● **What you will do**
Give back the entries below verbatim.

****************************************

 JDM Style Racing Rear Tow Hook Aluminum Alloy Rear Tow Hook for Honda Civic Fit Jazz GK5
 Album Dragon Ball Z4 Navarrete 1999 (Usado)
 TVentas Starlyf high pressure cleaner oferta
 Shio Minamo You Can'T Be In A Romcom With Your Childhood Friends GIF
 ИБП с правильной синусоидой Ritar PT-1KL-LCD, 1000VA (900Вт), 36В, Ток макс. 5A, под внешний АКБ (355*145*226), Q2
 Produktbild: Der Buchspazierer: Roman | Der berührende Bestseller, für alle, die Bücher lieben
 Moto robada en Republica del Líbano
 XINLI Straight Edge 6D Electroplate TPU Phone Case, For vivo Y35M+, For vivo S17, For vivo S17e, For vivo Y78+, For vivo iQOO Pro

****************************************

● **Solved problem**
 JDM Style Racing Rear Tow Hook Aluminum Alloy Rear Tow Hook for Honda Civic Fit Jazz GK5
 Album Dragon Ball Z4 Navarrete 1999 (Usado)
 TVentas Starlyf high pressure cleaner oferta
 Shio Minamo You Can'T Be In A Romcom With Your Childhood Friends GIF
 ИБП с правильной синусоидой Ritar PT-1KL-LCD, 1000VA (900Вт), 36В, Ток макс. 5A, под внешний АКБ (355*145*226), Q2
 Produktbild: Der Buchspazierer: Roman | Der berührende Bestseller, für alle, die Bücher lieben
 Moto robada en Republica del Líbano
 XINLI Straight Edge 6D Electroplate TPU Phone Case, For vivo Y35M+, For vivo S17, For vivo S17e, For vivo Y78+, For vivo iQOO Pro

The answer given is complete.